:: WHAT THIS TASK INVOLVES ::
Write out exactly, excluding pictures, the lines from the one containing "Lakeview Townhomes #5" through the end of the data, both included.

--*--

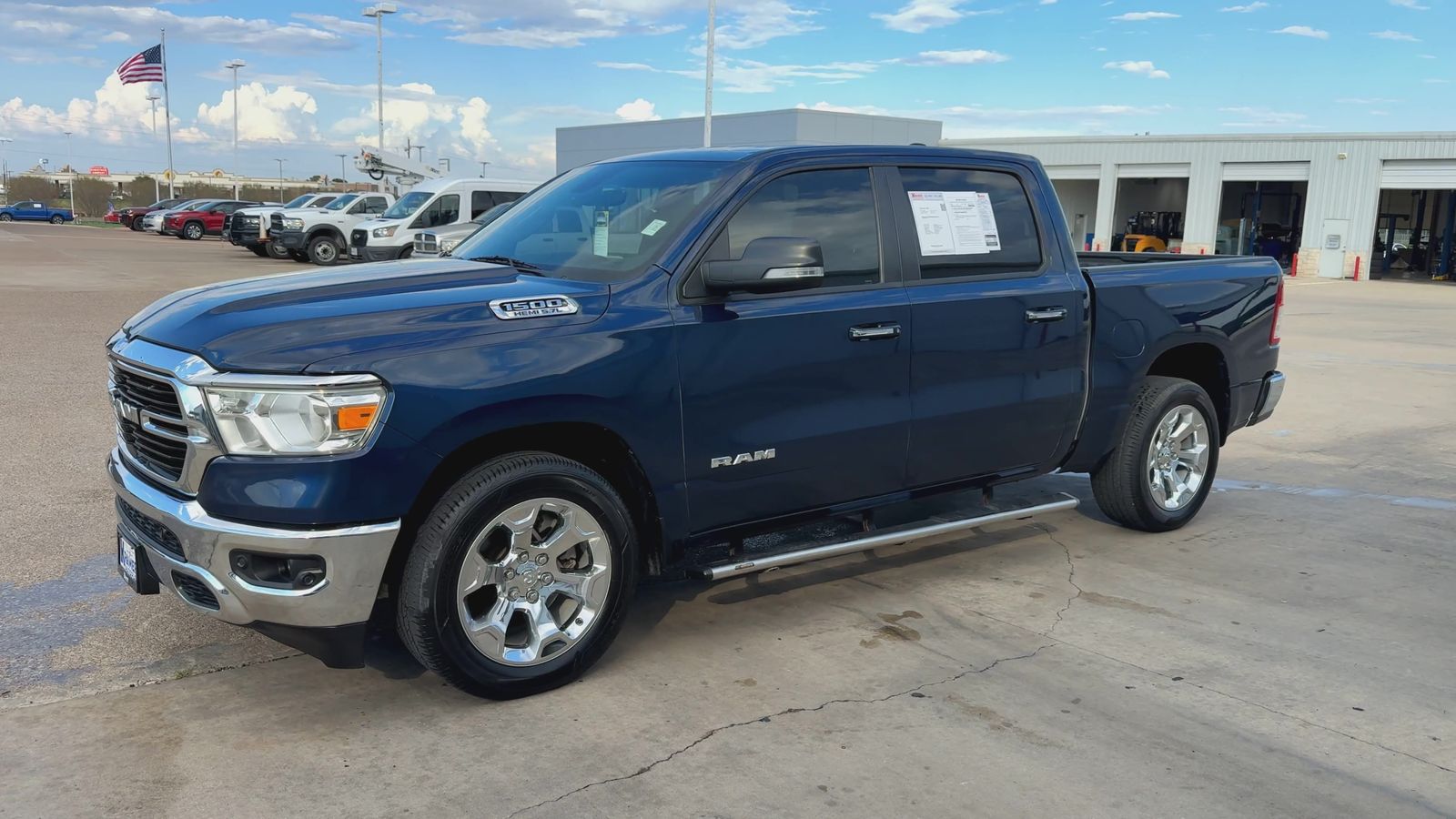 2020 RAM 1500 Lone Star Crew Cab 4x2 5'7" Box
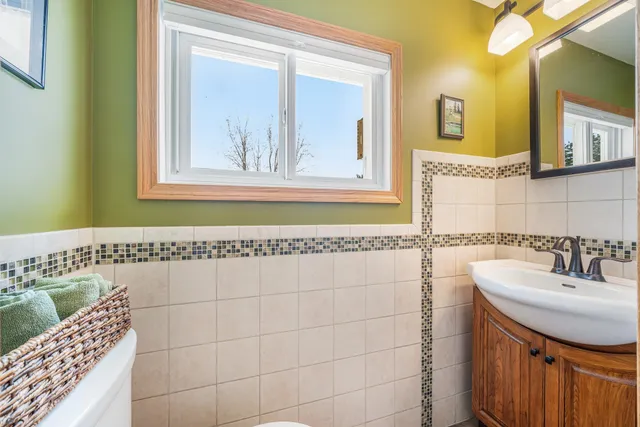 $485,000 | 6890 County Rd D, Almond, WI 54909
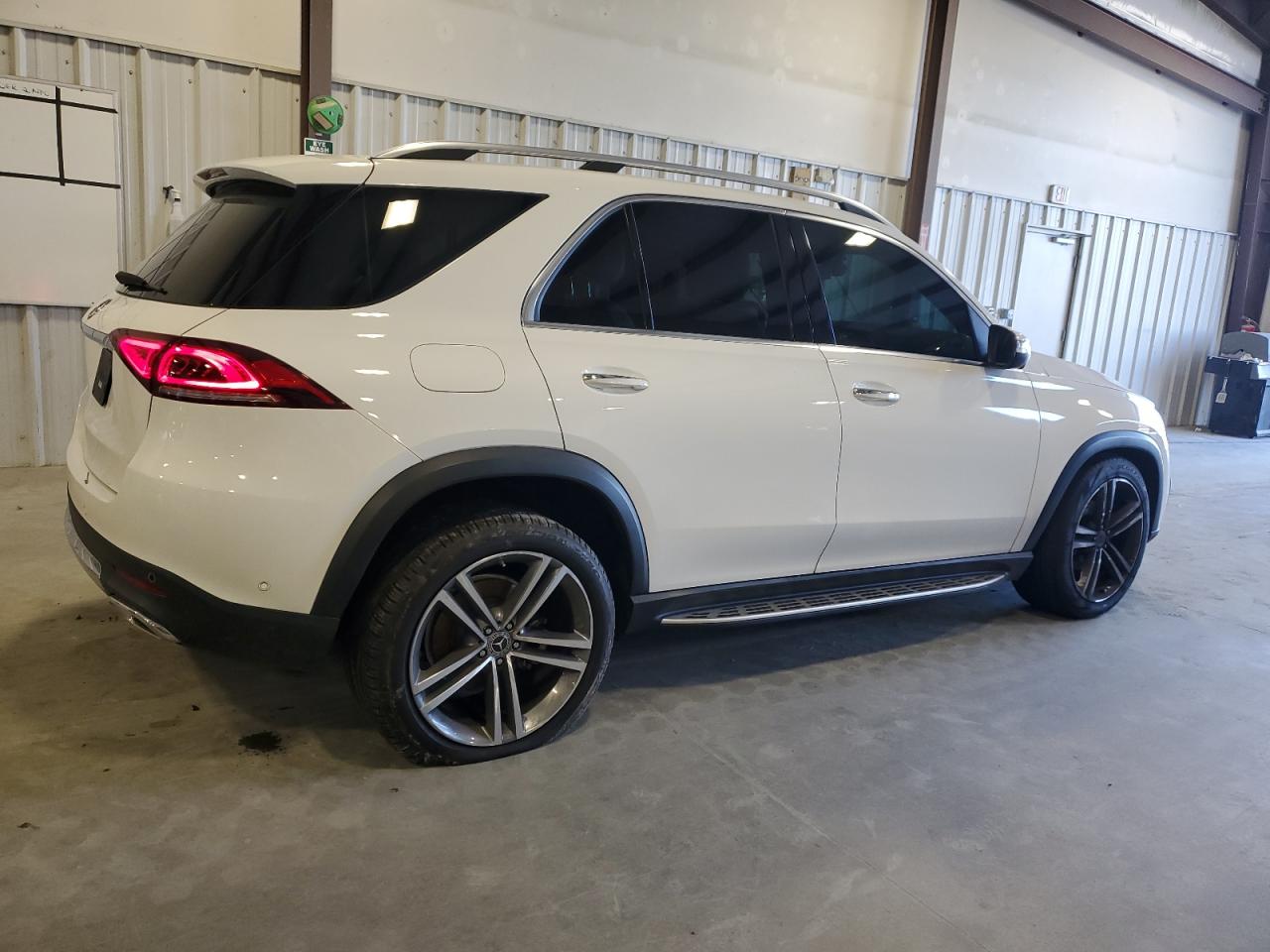 2022 Mercedes-Benz GLE VIN 4JGFB4JB3NA654404 Copart auction photo, front end / side damage thumbnail 3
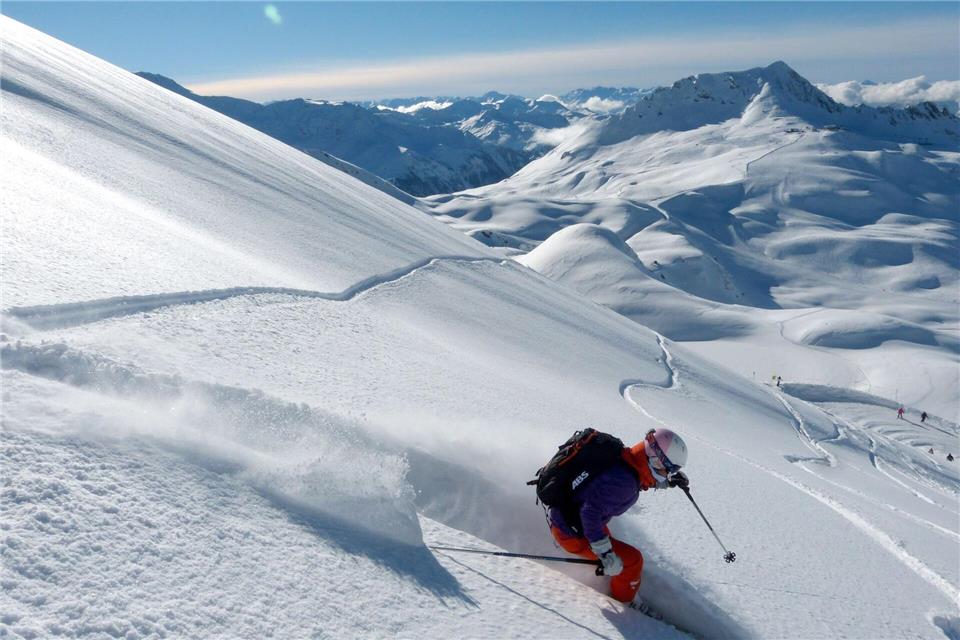 Solche Schwünge im Tiefschnee sind der Traum vieler Skifahrer: Doch das Lawinenrisiko sollte man dabei nie vergessen.picture alliance/dpa/dpa-tmn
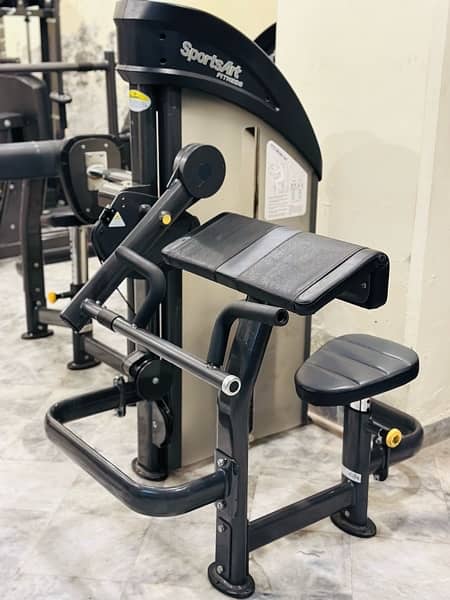 Sports art USA gym unit new model slightly used USA import 14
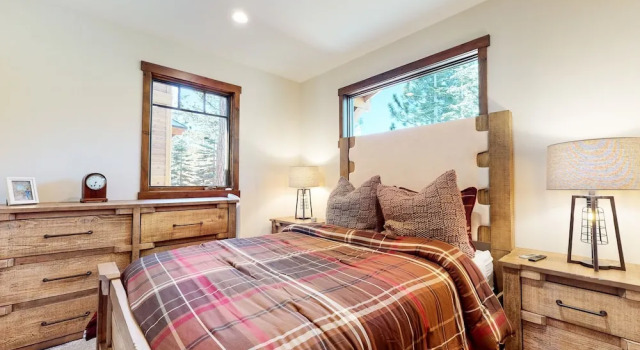 Lakeview Townhomes #5 3 Bedroom Townhouse by RedAwning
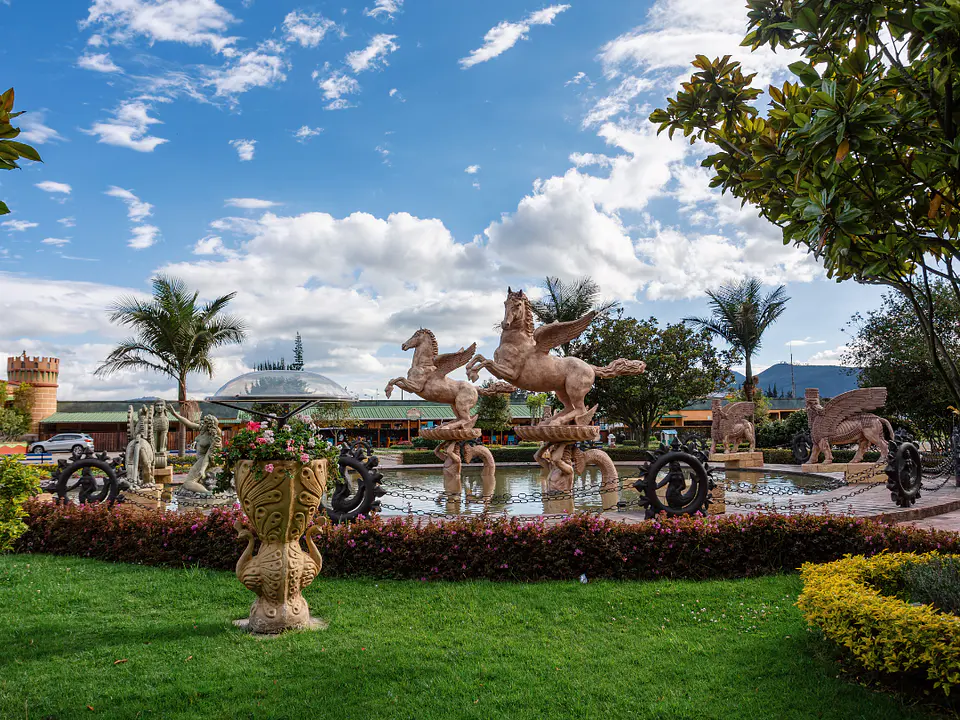 Bogotá to Parque Jaime Duque – A Full Day of Culture, Nature & Unforgettable Family Fun 4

--*--

:: ANSWER SPACE ::
 Lakeview Townhomes #5 3 Bedroom Townhouse by RedAwning
 Bogotá to Parque Jaime Duque – A Full Day of Culture, Nature & Unforgettable Family Fun 4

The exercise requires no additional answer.